Pur resistendo l'impostazione tradizionale, è mia impressione che le teorie cospirazioniste siano oggi concepite dagli interessati come tutte veritiere e scontate, così che serva solo infiocchettarle di nuovi inquietanti episodi, non importa quanto bizzarri, come per esempio la faccenda del "Pizzagate", consistita nell'indicare in un rispettabile locale di Washington il centro mondiale di un traffico di fanciulli destinati ai pedofili. Nella pizzeria vi si recò armato un integro e religioso padre di famiglia pensando di fare giustizia e liberare i piccoli schiavi, ma non trovò niente di quel che si aspettava. Processato, ammise la propria dabbenaggine.

Questi episodi hanno origine in Internet che dà una possibilità di moltiplicazione fino a non molto tempo fa impensabile, permettendo iniziative variabili, ma con esiti identici, che vanno da utenti che si considerano dei semplici burloni a veri e propri complottisti che pensano di poter diffondere elementi di panico. Centrale - anche per transazioni equivoche e traffici illegali - è quello che viene chiamato "profondo web" o "web oscuro", non privo di rischi per chi non è attrezzato, ma al quale teoricamente può accedere chiunque utilizzando appositi strumenti che rendono più difficoltoso risalire al loro computer. Con un seguito di adepti che ne propagano gli intrighi, da queste "profondità" della rete è emerso l'anonimo Q (Qanon), ma nel groviglio di idee minacciose e strampalate sono presumibilmente molti altri a muoversi senza arrivare ad esser segnalati dal sistema ufficiale dell'informazione. Più che di vere costruzioni erette su basi romanzesche, si tratta, mi pare, di spararle grosse in un effetto che si potrebbe definire "a collage".

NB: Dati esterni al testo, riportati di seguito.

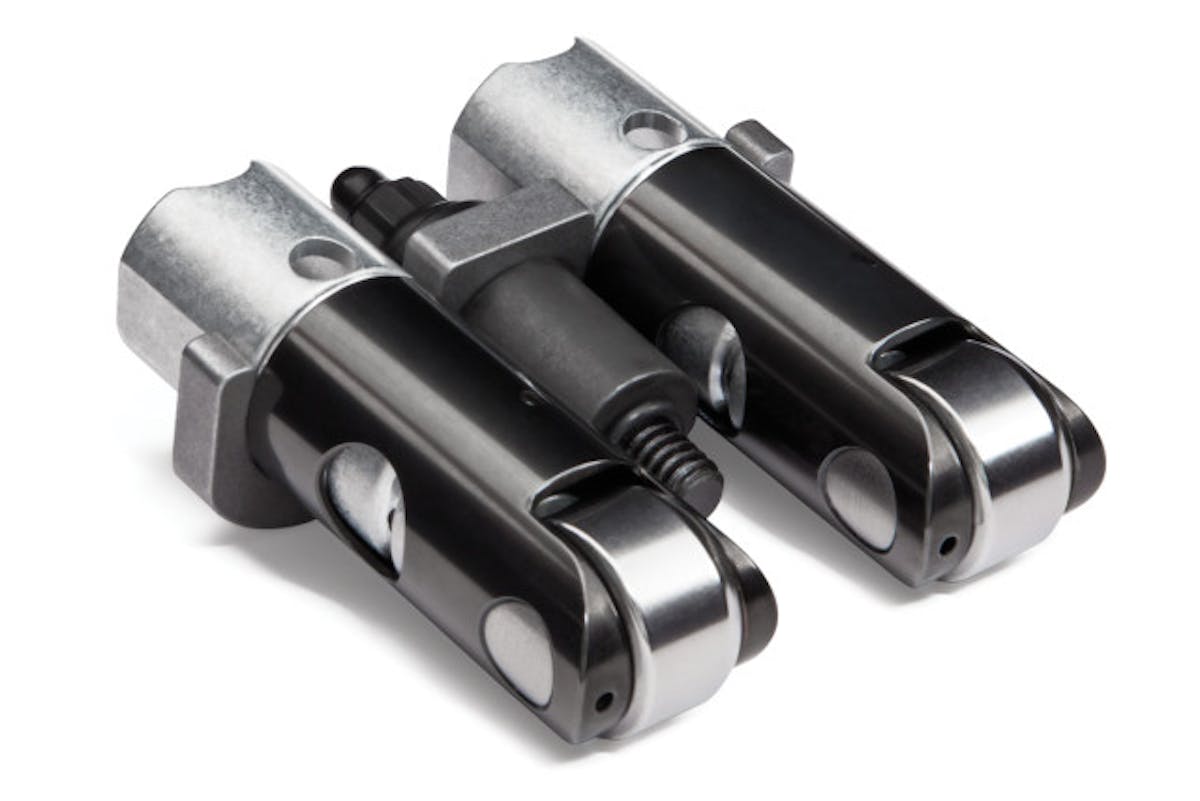 Jesel Valvetrain Innovation has a series of lifter types that suit a variety of performance levels. This is the Jesel Dogbone lifter. Dogbone Lifters derives their name from the dogbone-shaped steel retainer that bolts to the block and maintains lifter alignment. Jesel’s Dogbone Roller Lifter applications include: Chevy SB2.2, LS1, LS6, LS3, C5R, Chevy (Holden Block), A-4 Dodge Midget and Rodeck 481X. They are lighter than tie-bar style lifters and are an alternative to Keyway Lifters because they do not require special lifter bushings to be installed in the block. The Jesel Dogbone retainers can be easily installed with a simple drill jig available from Jesel. Standard features include an ultra-light design, pressurized roller oil circuits, hard-coated steel bodies, aluminum pistons, hardened-steel pushrod seats and internal axle locking pins.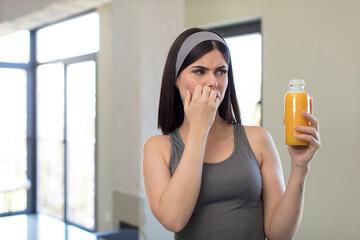 pretty young woman feeling scared, worried or angry and looking to the side. orange juice concept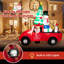 Grand père Noël conduisant une voiture gonflable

Qualche decennio fa, quando lavorava alla posta di "Playboy", Robert Anton Wilson - che con Anthony Shea sarebbe diventato l'autore l'autore di una citatissima e non priva di aspetti comici trilogia sugli "Illuminati" - si incuriosì alle lettere che riceveva da dei fantomatici "Discordiani", sorta di neopagani che si dichiaravano adepti della dea del caos Eris. Vi si sosteneva, per esempio, che le eterogenee, non importa quanto strambe, versioni dell'omicidio del Presidente Kennedy fossero tutte vere. Wilson ne colse il lato ironico e da comunista che era stato si fece lui stesso "discordiano", in una soluzione che allora si sarebbe definita "underground" non senza, in seguito, delle ambiguità. Molto dell'attuale "cospirazionismo" sembra discendere da un identico atteggiamento dove però ciò che volgeva all'umorismo è andato convertendosi al veleno. Allo stesso modo mi pare di poter dire che ciò che poteva esser visto come allusivo all'alienazione in senso filosofico si sia definitivamente impiantato nel suo significato psichiatrico, ma da "furbi".